United States District Court, N.D. Indiana, Hammond Division
Feb 9, 2005
Case No. 2:02 CV 496 PPS (N.D. Ind. Feb. 9, 2005)

Opinion

Case No. 2:02 CV 496 PPS.

February 9, 2005


ORDER


Before the Court is Third Party Defendant Rexam Beverage Can Company's Motion for Summary Judgment as to the Third Party Complaint of Indiana Harbor Belt Railroad Company ("IHB"). Because Rexam has not demonstrated that Indiana Harbor consented to the delegation of Rexam's duty to indemnify them, and thus did not discharge Rexam's duty, that motion is denied.

I. BACKGROUND

On September 3, 1999, Plaintiff Ann Weaver fell and was injured as she attempted to climb down from a boxcar. At the time of the accident, the boxcar was inside a facility known as International Paper in Hammond, Indiana. Weaver alleges that IHB, who operated a railroad on the property, was negligent and at fault for causing her injuries, and she filed suit against IHB.

IHB answered Weaver's Complaint and filed a Third Party Complaint against Rexam and S.L. Hammond. IHB alleges that there was a Private Sidetrack Agreement, dated November 1, 1986, covering the use, maintenance, and operation of the track and loading area where Plaintiff alleges she was injured. IHB claims that that Agreement requires Rexam to indemnify IHB under certain circumstances, and that Weaver's accident is just such a circumstance. Rexam countered this Third Party Complaint with the present motion for summary judgment. Rexam claims that they entered into a Purchase and Sale Agreement with S.L. Hammond before the accident and that their duty to indemnify IHB was delegated to S.L. Hammond through that sale. Even assuming that there was a delegation, Rexam's dismissal would not be proper here.
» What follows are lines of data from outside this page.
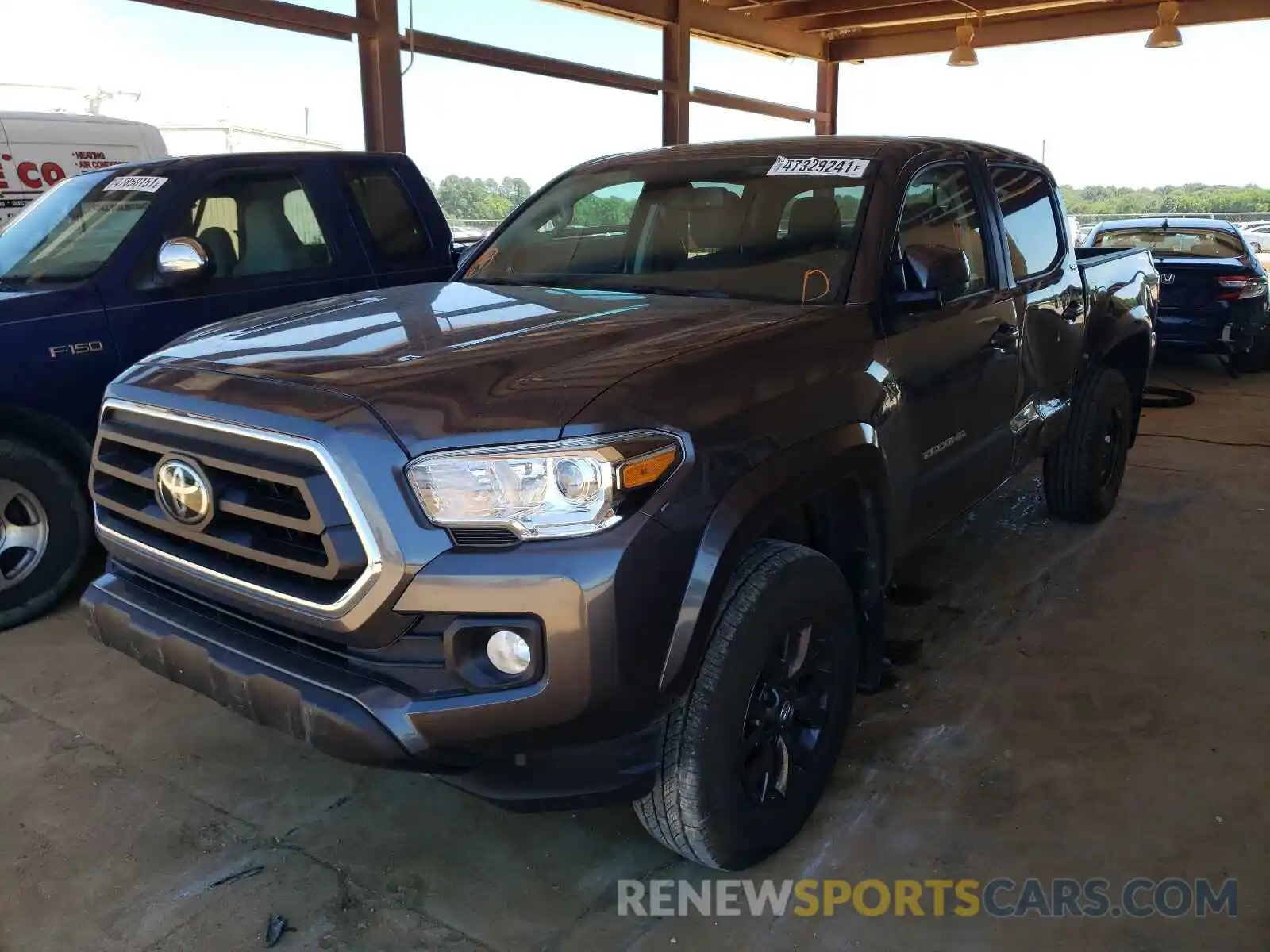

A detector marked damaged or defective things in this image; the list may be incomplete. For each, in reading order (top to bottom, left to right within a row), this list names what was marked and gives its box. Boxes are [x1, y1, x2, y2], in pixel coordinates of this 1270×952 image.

rusty steel beam [127, 0, 368, 40]
rusty steel beam [356, 0, 403, 152]
rusty steel beam [403, 29, 670, 94]
rusty steel beam [660, 5, 691, 145]
rusty steel beam [695, 87, 822, 125]
rusty steel beam [818, 59, 838, 136]
rusty steel beam [828, 0, 1270, 59]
Both parties refer to the transfer of the duty to indemnify as an assignment, but we think it is clearer to call it a delegation. Parties assign rights, but delegate duties, and different law applies to each situation. See, e.g., Brown v. Indiana Nat. Bank, 476 N.E.2d 888, 895 n. 4 (Ind.Ct.App. 1985).

II. DISCUSSION

A. Summary Judgment Standard

Summary judgment is proper where the "pleadings, depositions, answers to interrogatories and admissions on file, together with the affidavits, if any, show that there is no genuine issue as to any material fact and that the moving party is entitled to a judgment as a matter of law." Fed.R.Civ.P. 56(c). See also Celotex Corp. v. Catrett, 477 U.S. 317, 322 (1986); Williams v. Waste Mgmt. of Illinois, 361 F.3d 1021, 1028 (7th Cir. 2004). The Court construes all facts and draws all reasonable inferences in the light most favorable to the nonmoving party. Butera v. Cottey, 285 F.3d 601, 605 (7th Cir. 2002).

B. Delegation of Rexam's Duty to Indemnify

In order to understand Rexam's argument, some history of the Private Sidetrack Agreement (the "Agreement") is necessary, as it has changed hands a number of times. The Agreement was originally between IHB and American Can Packaging, Inc., but it was later subject to an "Assignment of Agreement," under which American Can Packaging, IHB and American National Can Company all agreed to transfer American Can Packaging Company's rights and liabilities under the original Agreement to American National Can Company. IHB represents to the Court that Rexam is a successor to American National Can Company. Thus, Rexam appears to be bound by the contract. However, Rexam claims that they in turn assigned their interest in the Agreement and the property at issue here to S.L. Hammond prior to Weaver's accident, and, as a result, that they are no longer bound to indemnify IHB.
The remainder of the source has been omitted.